Deaan Vivier/Foto24/Gallo Images/Getty Images
A march at the Tshwane University of Technology (TUT) during #FeesMustFall protests on October 12, 2016 in Pretoria, South Africa.

Cutting social grants, freezing the roll-out of RDP houses and increasing taxes. These are just some of the drastic measures government is considering to find the money to fund free higher education, according to Mail & Guardian on Friday.

Senior officials told Mail & Guardian that the presidential fiscal committee had detailed these options in a document given to President Jacob Zuma. The committee is looking into ways to fund free higher education, estimated to cost around R30-billion. It was established to help government get the economy back on track.

Other options include halving the armys's budget and freezing civil servant wage increases, as well as increasing VAT and reducing the number of government departments.

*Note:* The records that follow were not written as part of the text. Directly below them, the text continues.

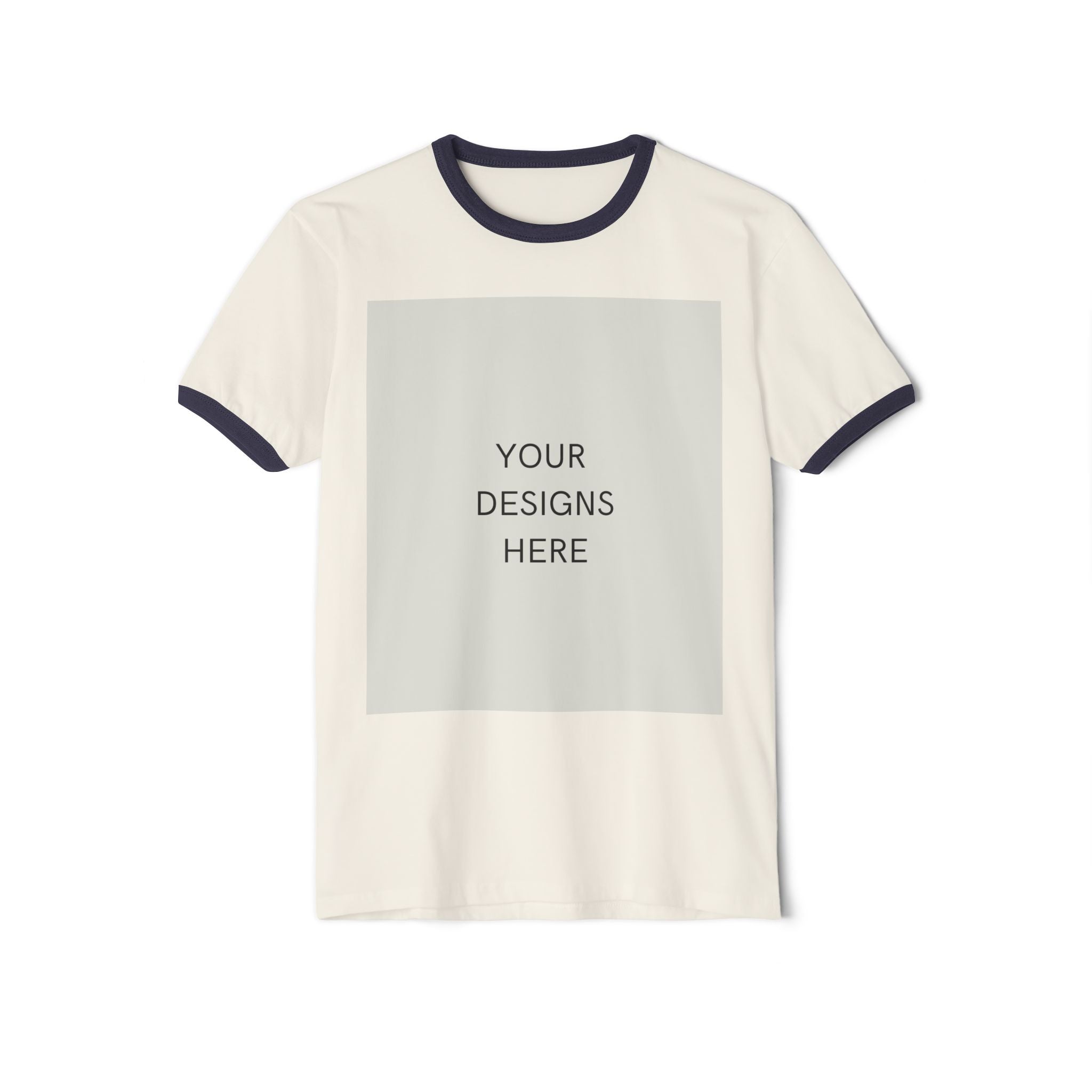 Retro Ringer T-Shirt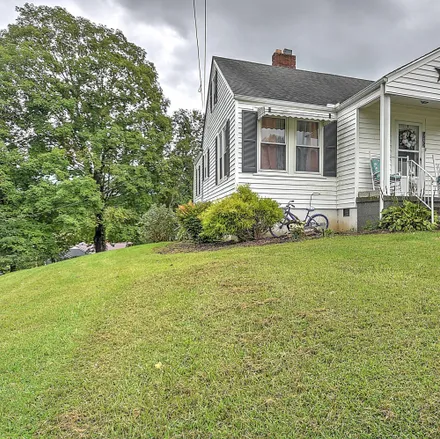 Buy this 4 bed house on 247 Oak Street in Mountain City, TN 37683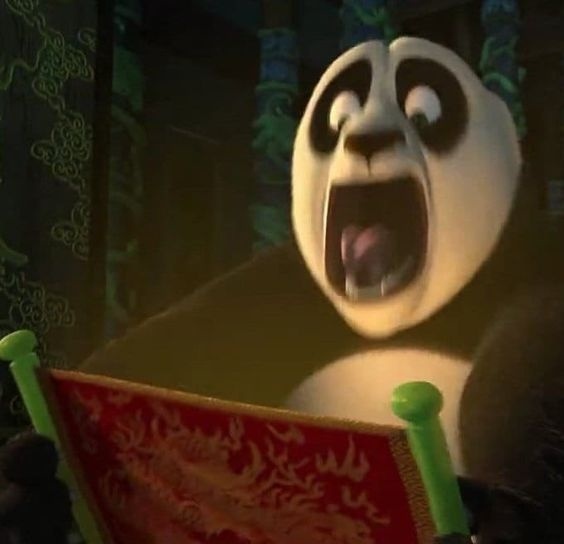 Meme Sợ Hãi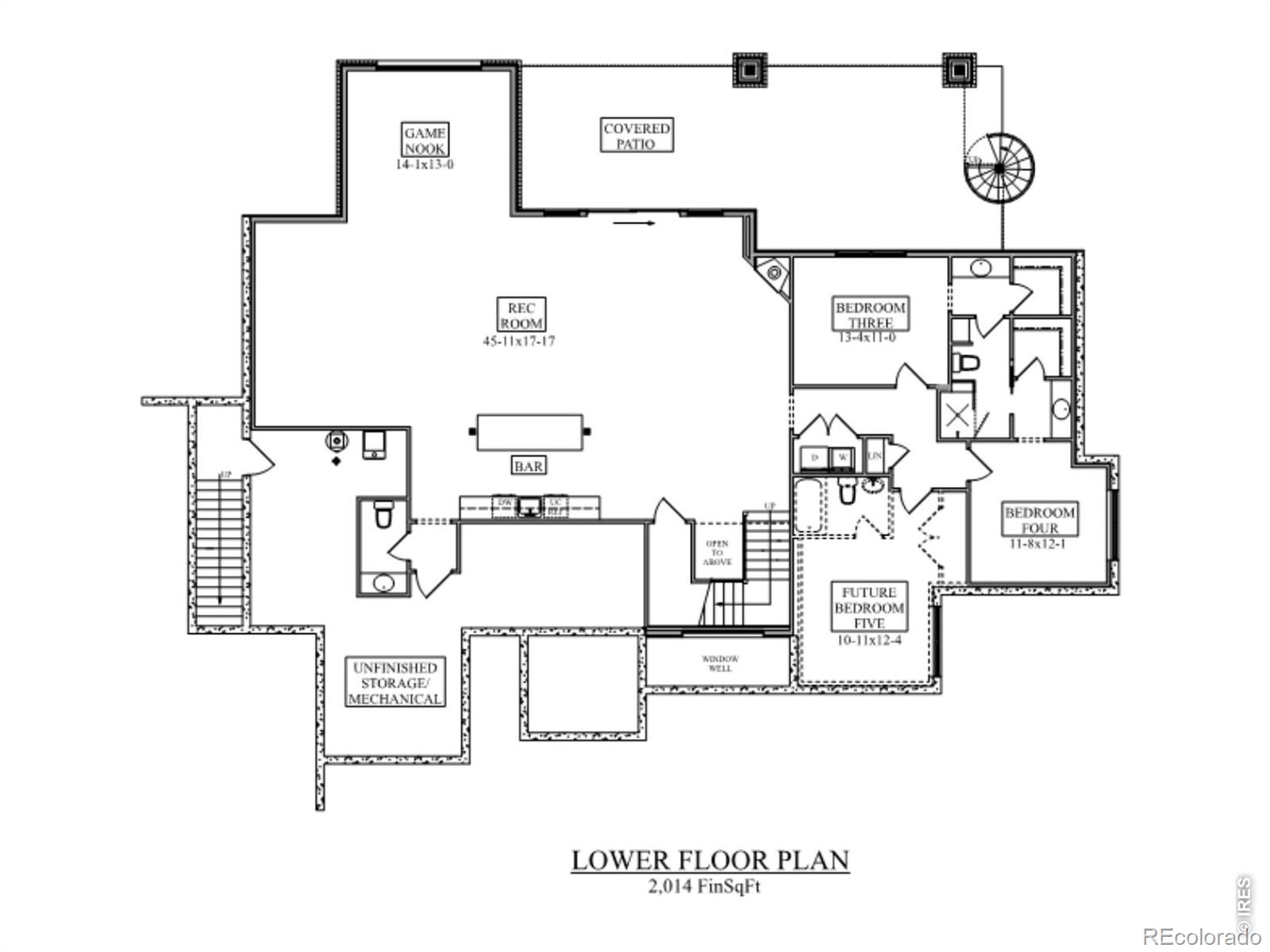 2638  Southwind Road, berthoud&nbsp; House Search MLS Picture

A senior official reportedly told Mail & Guardian: "Government is working around all the options on providing free education, you do need to cut somewhere, so that's been a challenge."

An official confirmed what was reported by Times Live this week: Zuma is considering a policy proposal by an unofficial advier, Morris Masutha, who is reportedly engaged to one of his daughters.

Times Live reported that Zuma was about to make a shock announcement introducing free higher education across the board. The report said Masutha is engaged to Zuma's daughter, Thuthukile Zuma, from his marriage to Nkosazana Dlamini-Zuma. Masutha's plan reportedly relies heavily on cutting government departments.

Addressing the National Council of Provinces on Thursday, Times Live reported that Zuma said he would be announcing his decisions on the Heher commission report soon. The commission was set up to investigate the possibility of free education and has not been released yet. A leaked version reported on by City Press revealed that the commission did not recommend free education, but recommended overhauling the funding model.

The Presidency's Dr Bongani Ngqulunga did not respond to specific questions put to him by Mail & Guardian but said: "The interministerial committee responsible for the funding of higher education, chaired by the minister in the presidency, working with the presidential fiscal committee, is assisting the president to process the Heher commission report. The president will make an announcement soon on the report."